I welcomed the sunrise on the morning after the winter solstice in the solitude of my still-sleeping house. The first cup of tea of the day was beside me on the window-sill, making miniature mist on the cold glass.
Slowly the long, long night - the longest night of the year - burned away into grey dawn. The first light pierced the antique glass above our front door, now pink, now gold, and soon the whole room swam with morning. Upstairs, my family began to stir, and the day began.
My winter coat, draped over a chair to dry, still smelled of damp earth and woodsmoke from the previous night's solstice bonfire (a bonfire which, thanks to a week of rain, had taken a lot more coaxing to ignite and somewhat lacked the primal oomph of last year's fire, but was nevertheless beautiful and brilliant in the end).
On the solstice night there had been a tiny break in the clouds as we waited for the bonfire to catch alight and, seeing it, Ralph had yelled "The moon!

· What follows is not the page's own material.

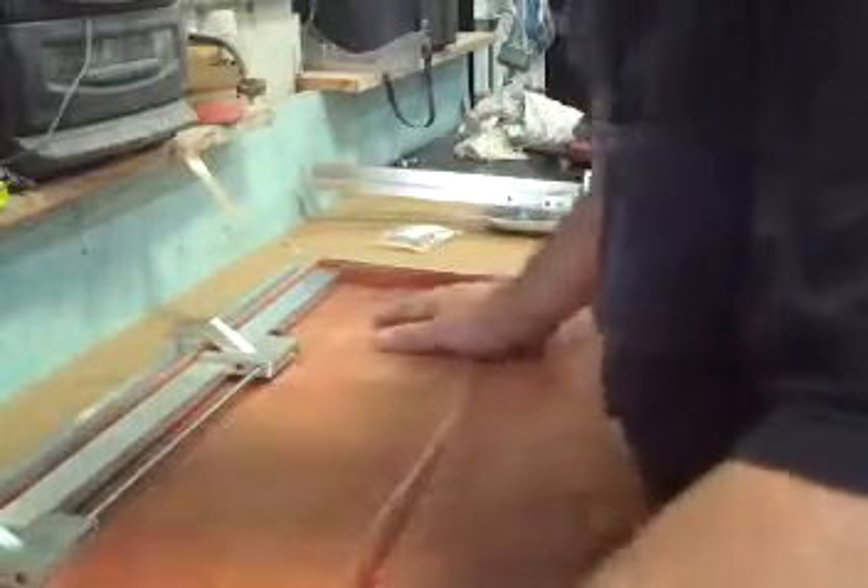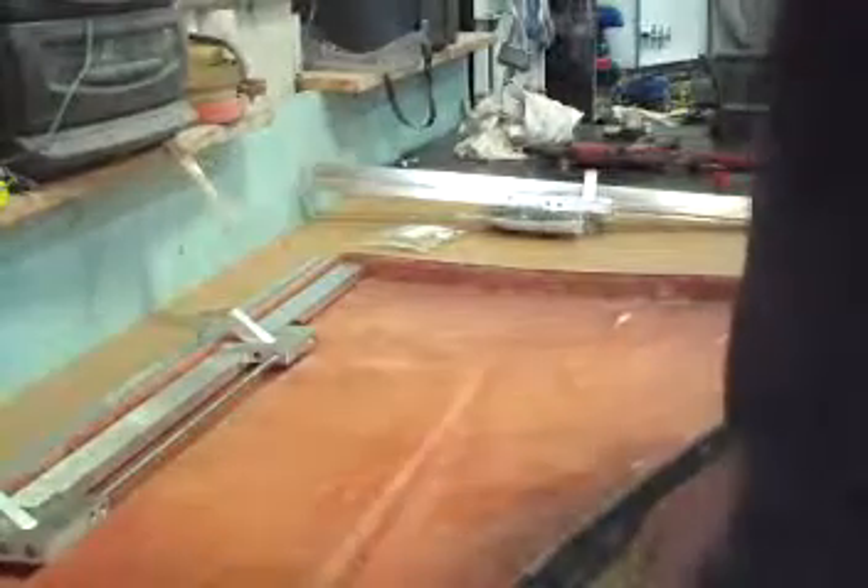This is the rear, this is the front. There you go. Now let me get it set up for the next part of this.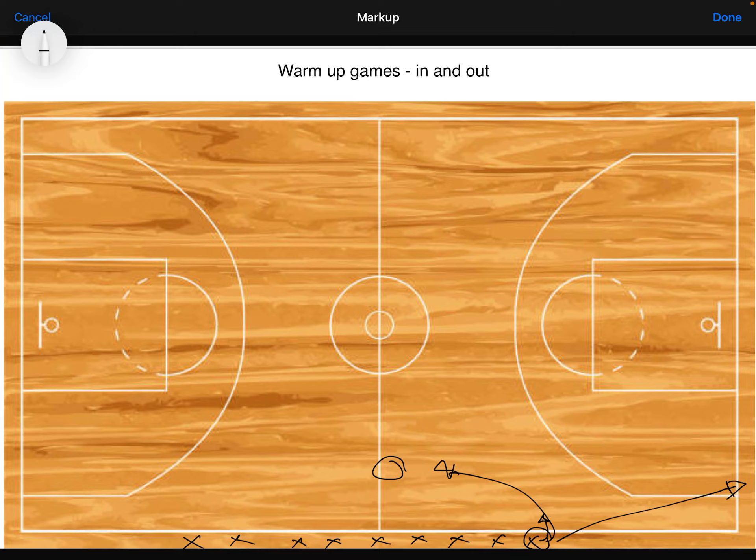Other variants include: you could add that they jump on the line, or you could have one foot in and one foot out. So you can have some different commands for this game. I hope this helps you for a warm-up game, maybe before you start your main lesson.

I want to touch the moon!" We showed the children the Southern Cross, and the two Pointers that show the way, and, glowing steadily directly above the moon, we found Venus. Ancient fires and rocks, all of us, spinning and hurtling through millennia, marking the dark days. And the light ones too.
As the morning's temperature crept into double digits, I ventured into my frost-melty garden to dig and plant and prune, and to think some alone thoughts about winter and hibernation and stillness, and about all the quiet rest and rejuvenation that happens underground, for life to burst forth life in spring.